Suicide: A Preventable Epidemic

Updated: Feb 10, 2019



First of all, let me start by stating that this is not about me--it is about people and a process. It is about connecting with people who are is distress, depressed, or otherwise deeply troubled. It is about humanity in being there for others when they need someone. It is about the small effort one may take that reaps immense value for the person for whom assistance is given. It is about caring, being a human being, and starting the conversation.


Second, I am not a clinical psychologist, psychiatrist, or social worker. I am involved in research psychology rather than direct clinical treatment of people; however, this instance within the scope of my research.


This week, I had an opportunity to practice being a helpful human being, albeit not in the sense of my normal volunteer work. I was asked to see a client who was visibly upset and very depressed. I introduced myself and invited the client to come into my office to discuss the purpose of the client's visit. It took little more than a couple minutes before the degree of frustration and depression of this client was evident.


It was about 15-20 minutes into listening to this client that I started wondering if I was going to need to call 9-1-1 to have the client taken for a mental health evaluation and potential 72-hour observation period. I have not had that kind of concern with someone for quite some time--in fact, only once before had I contemplated making such a call.
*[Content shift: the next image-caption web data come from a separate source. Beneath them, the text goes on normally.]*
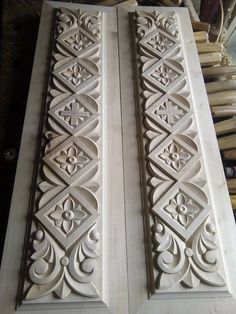 two white wooden doors with intricate designs on the front and back sides, sitting next to each other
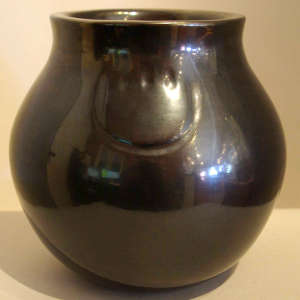Bear paw imprint on a polished black jar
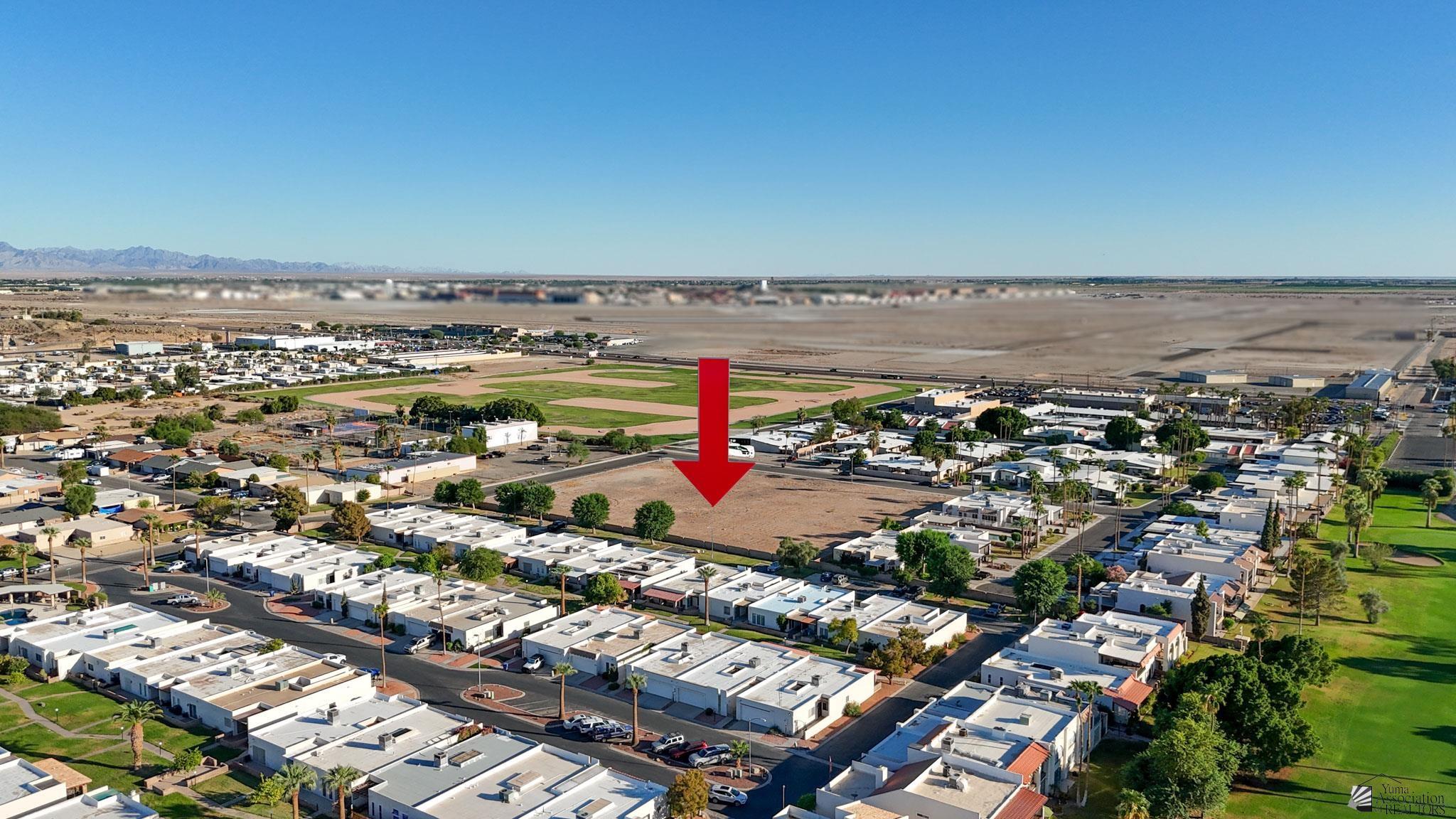 Aerial view of a vacant residential lot marked by a red arrow, near a baseball field and surrounding homes.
Fortunately, with some gentle empathy and coaching to have the client not worry about crying, and convincing the client that letting out the stress is natural and would make them feel better, the client pretty much broke down and let out stress and frustration for about 10 minutes. All the while, I silently provided support and reassurance to the client when they looked up from their tears to grab more tissues.
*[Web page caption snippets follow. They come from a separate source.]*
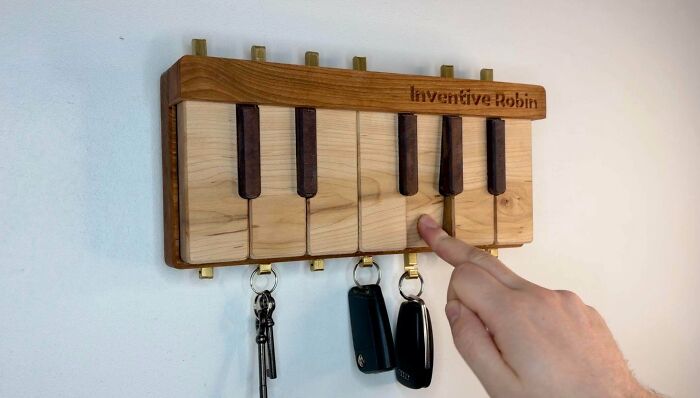 A finger pressing a key on a handmade wooden piano-themed key holder on a white wall, displaying talent.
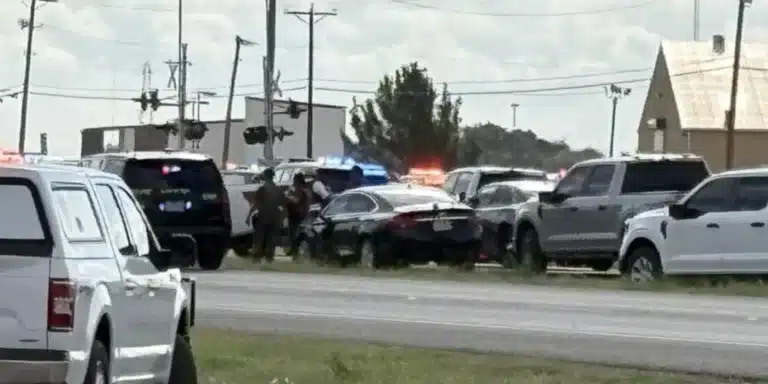 Emergency scene on a highway with police cars and flashing lights amid several parked vehicles, three or more officers assisting near the center.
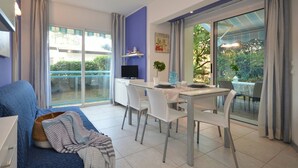 A modern living room with a sofa, a dining table with chairs, a TV, and a large sliding glass door leading to an outdoor area.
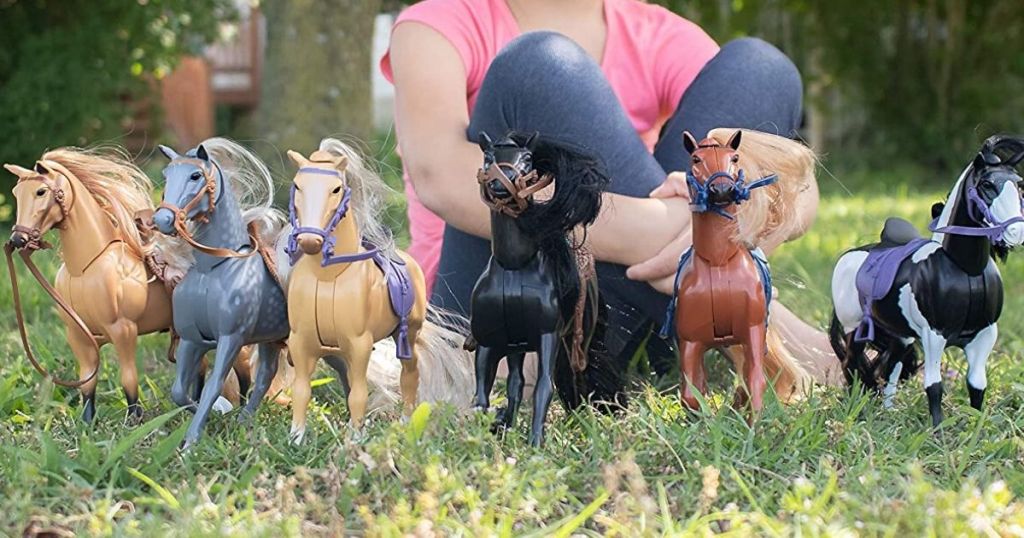 Horse toys lined up in front up in front a little girl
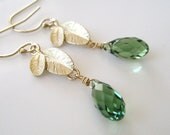 Greenley  ...matte gold leaf charm and green erinite Swarovski briolette dangle drop earrings. Available in other colors.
When the client was ready to talk, I listened. The client told me their story and about the things that they viewed as the source of their frustration. You see, the client had been trying to get help through the county's mental health system; each time, the client was told that the clinician understood what was going on and then tried to give the client a prescription for pills. Does this sound familiar, in light of the opioid and prescription drug abuse epidemic? Yep, our tax dollars at work--don't develop a treatment plan, don't refer to the right specialist, just throw different pills at the problem. Unfortunately, the client has ongoing treatment that prohibits the client from taking the types of medication that clinicians were pushing, anyway.


I was able to make a phone call to the local Veterans Affairs (VA) Hospital and arrange for an immediate walk-in opportunity for the client to be seen by a mental health professional. There, the client and a clinician will be able to address the current problem(s) as well as develop a treatment plan to continue serving the client's needs and work toward resolving the root cause of the client's PTSD and accompanying major depression and anxiety. In the end, that was a pacifier to the client's frustration, depression, and anxiety--because someone took the time to listen, took the time to care, and took the time to get the client the right services to address the ongoing issues from which the client suffered.


It only takes one...one person...one ear...one minute...one heart...one moment of understanding... to help a fellow human being who is in crisis. All it really takes is starting the conversation -- one-on-one, in schools, in workplaces, in the community. Each one of us can make a difference!